Task requirements: Required from the data below: the exact lines starting at the line containing "Three black wire corner baskets" and ending at the line containing "A man holding up a large picture of beaker.", with both ends kept and all pictures dropped.

The data:
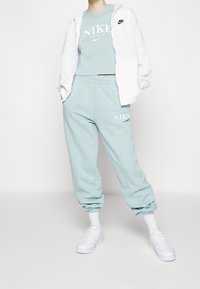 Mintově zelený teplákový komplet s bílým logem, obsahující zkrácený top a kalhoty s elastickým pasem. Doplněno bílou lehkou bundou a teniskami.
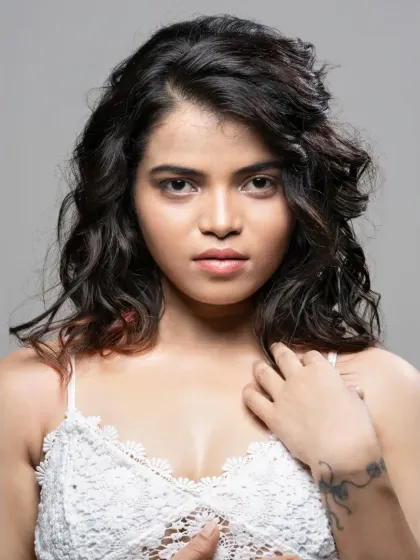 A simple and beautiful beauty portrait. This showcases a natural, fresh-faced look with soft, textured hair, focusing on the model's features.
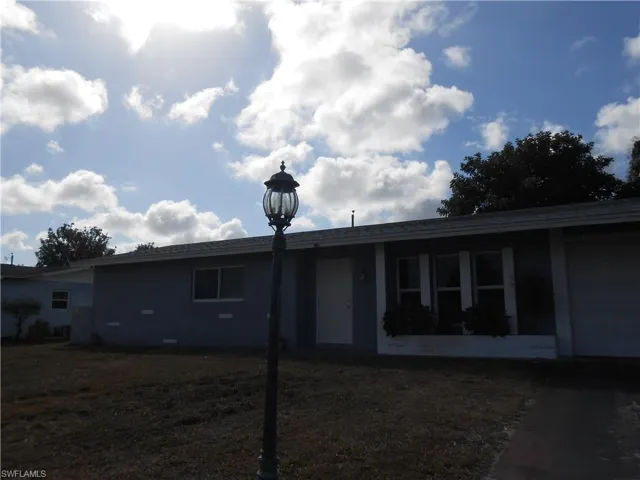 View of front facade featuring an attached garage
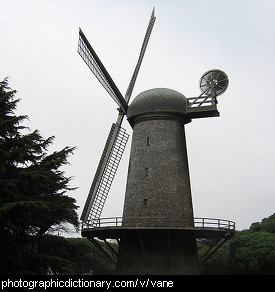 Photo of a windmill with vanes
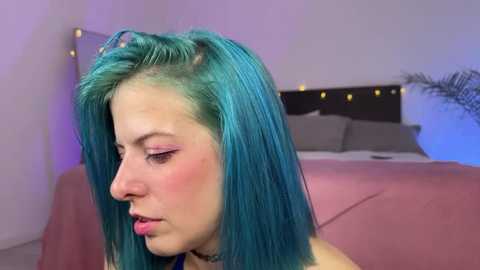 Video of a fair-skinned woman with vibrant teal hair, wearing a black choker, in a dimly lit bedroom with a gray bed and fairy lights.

---

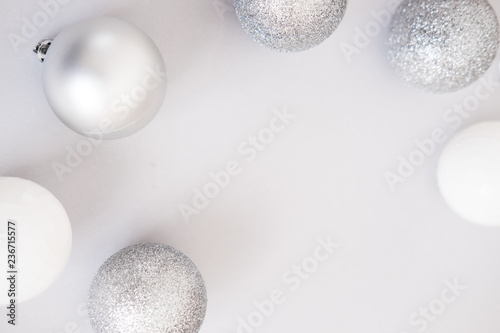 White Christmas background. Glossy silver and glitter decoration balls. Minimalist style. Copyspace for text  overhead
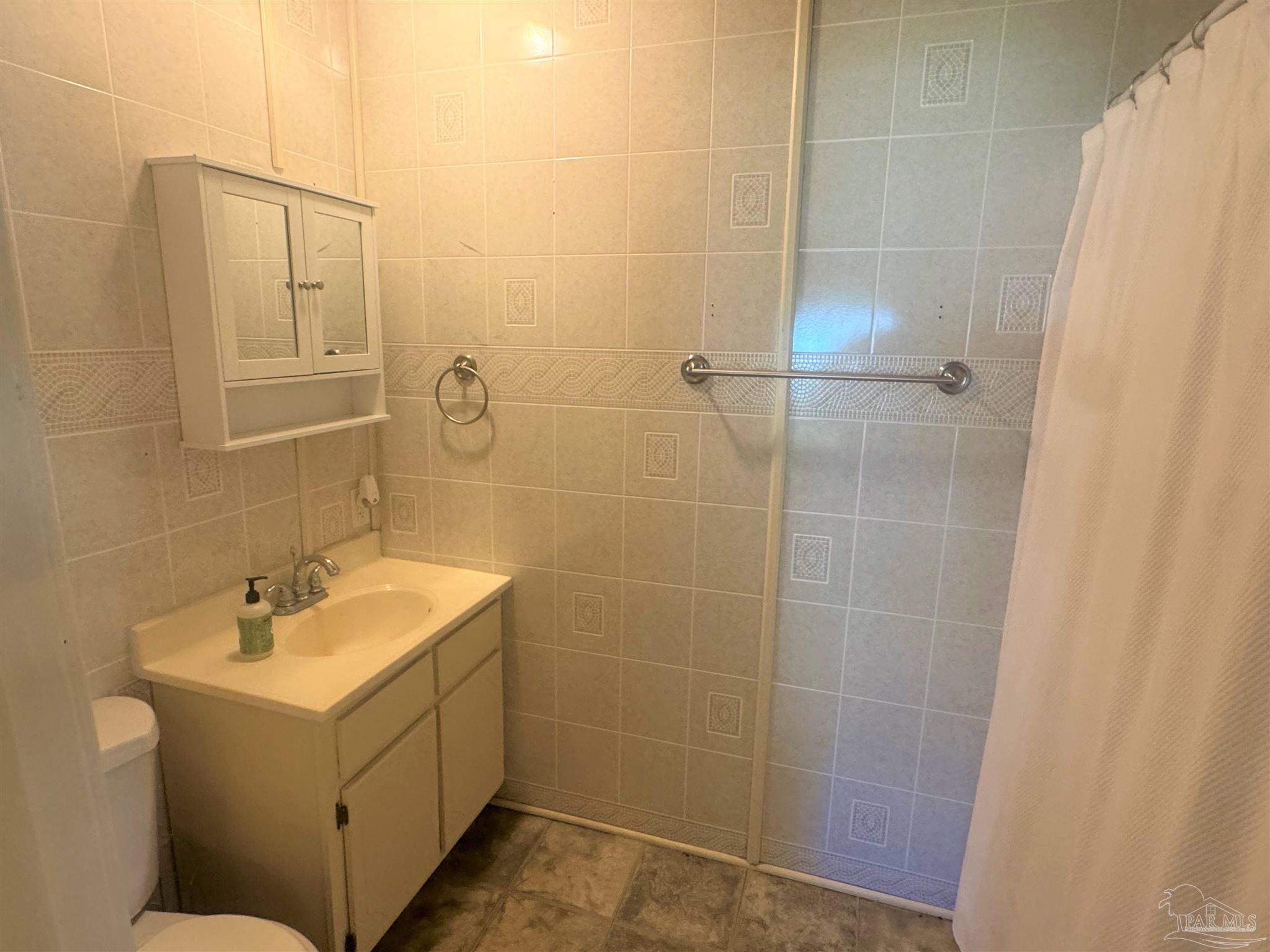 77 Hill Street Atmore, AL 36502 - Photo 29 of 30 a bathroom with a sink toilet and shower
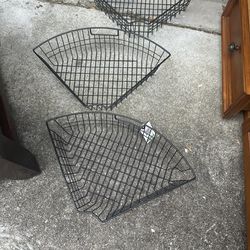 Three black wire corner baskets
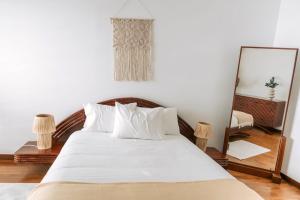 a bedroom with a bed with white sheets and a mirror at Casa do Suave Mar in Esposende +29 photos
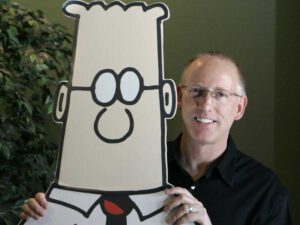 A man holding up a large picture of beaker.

Output for this exercise:
 Three black wire corner baskets
 a bedroom with a bed with white sheets and a mirror at Casa do Suave Mar in Esposende +29 photos
 A man holding up a large picture of beaker.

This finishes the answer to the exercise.